Senja Keempat Belas

104 8 0
                                    

Raden Soeryo menatap malas piring di hadapannya. Makan malam terasa menjemukan dan tidak berselera. Ingin rasanya ia bis amengika twaktu agar tak perlu berjumpa hari esok sehingga ia tidak jadi berangkat ke Majalengka. Diam-diam Raden Soeryo berharap ada utusan Kanjeng Rama yang menyusul dan menjemputnya pulang sebelum subuh.Sebuah harapan yang muskil mengingat penguasa Kawedanan Muntilan itu justru menitipkan surat khusus kepada Kiai Halim. 

Kanjeng Ibu yang selama ini tidak pernah ikut campur pilihan hidupnya karena semua diserahkan padanya dan Kanjeng Rama juga mengirimkan surat khusus pada Raden Soeryo. Surat pertama yang ia terim asejak meninggalkan Muntilan. 

“Soeryo anakku, Ibu dengar jika kemajuan tidak hanya datang dari bangsa kulit putih, dari Eropa. Suluh peradaban itu juga dibawa para penuntut ilmu yang baru pulang dari Mekah dan Kiai Halim salah satunya. Ikutlah Kiai Halim dan dengarkan semua wejangannya,  sungguh-sungguh ngangsu kawruh padanya. Semoga cahaya kebaikan itu sampai kepadamu.”
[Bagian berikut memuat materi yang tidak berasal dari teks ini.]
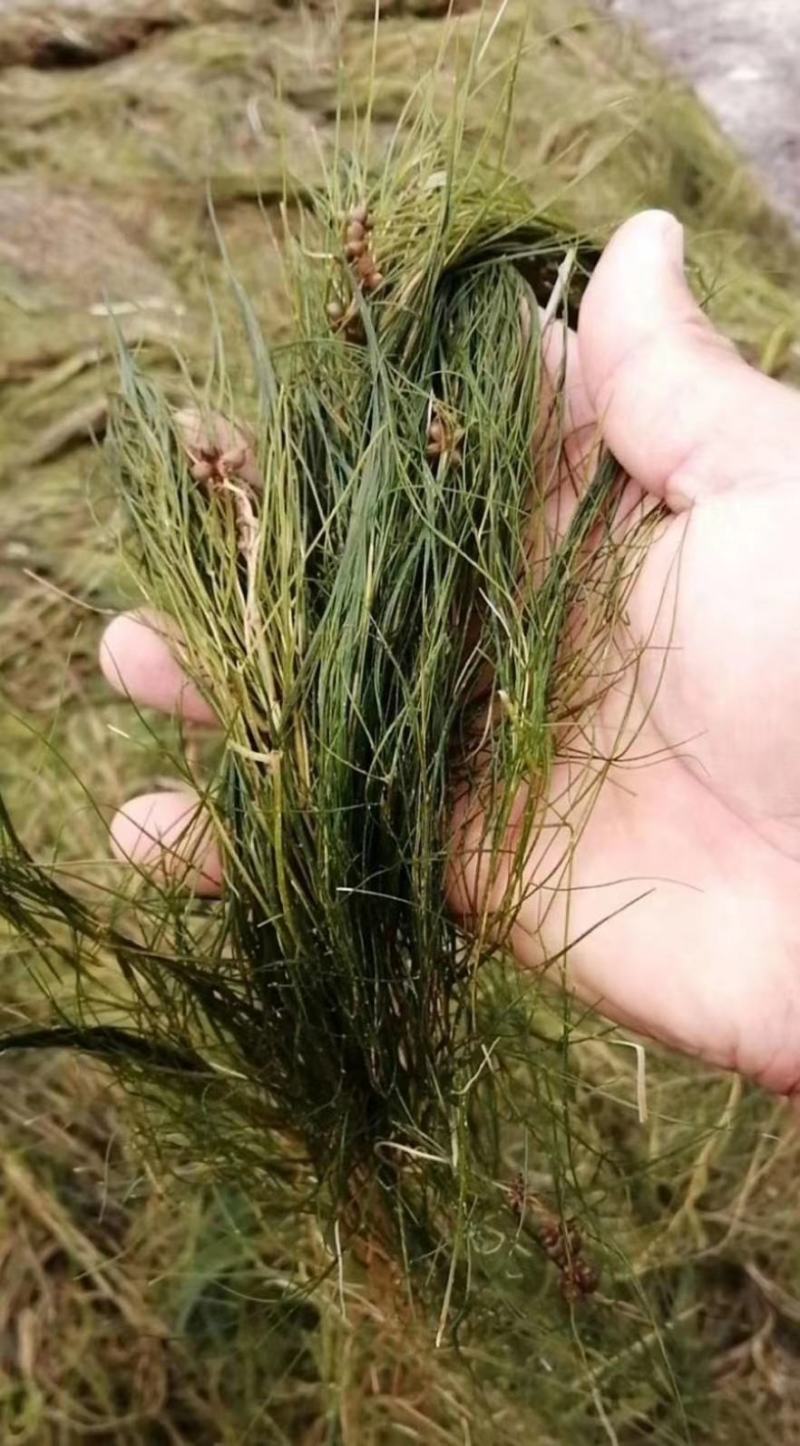 白洋淀野生芦苇苗千屈菜再力花黄菖蒲美人蕉荇菜小茨藻荷花苗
Entah dari mana Kanjeng Ibu menerima berita itu. Muntilan hanya kawedanan kecil di Karesidenan Kedu. Meski onderneming Sindoro Sumbing sedang maju dan menggerakkan banyak orang untuk datang ke Bergstad van Midden Java, tetap saja ia kota kecil yang sunyi. Namun, empat tahun sudah berlalu sejak kepergiannya ke Batavia. Mungkin saja saat ini tanah kelahirannya telah jauh lebih ramai sehingga  banyak berita yang sampai ke telinga Kanjeng Ibu. Apalagi koran-koran persyarikatan beredar luas di berbagai tempat di Tanah Hindia. Bisa jadi Kanjeng Ibu juga membaca surat kabar yang beredar di Jogjakarta, Semarang, atau Surakarta yang sampai padanya.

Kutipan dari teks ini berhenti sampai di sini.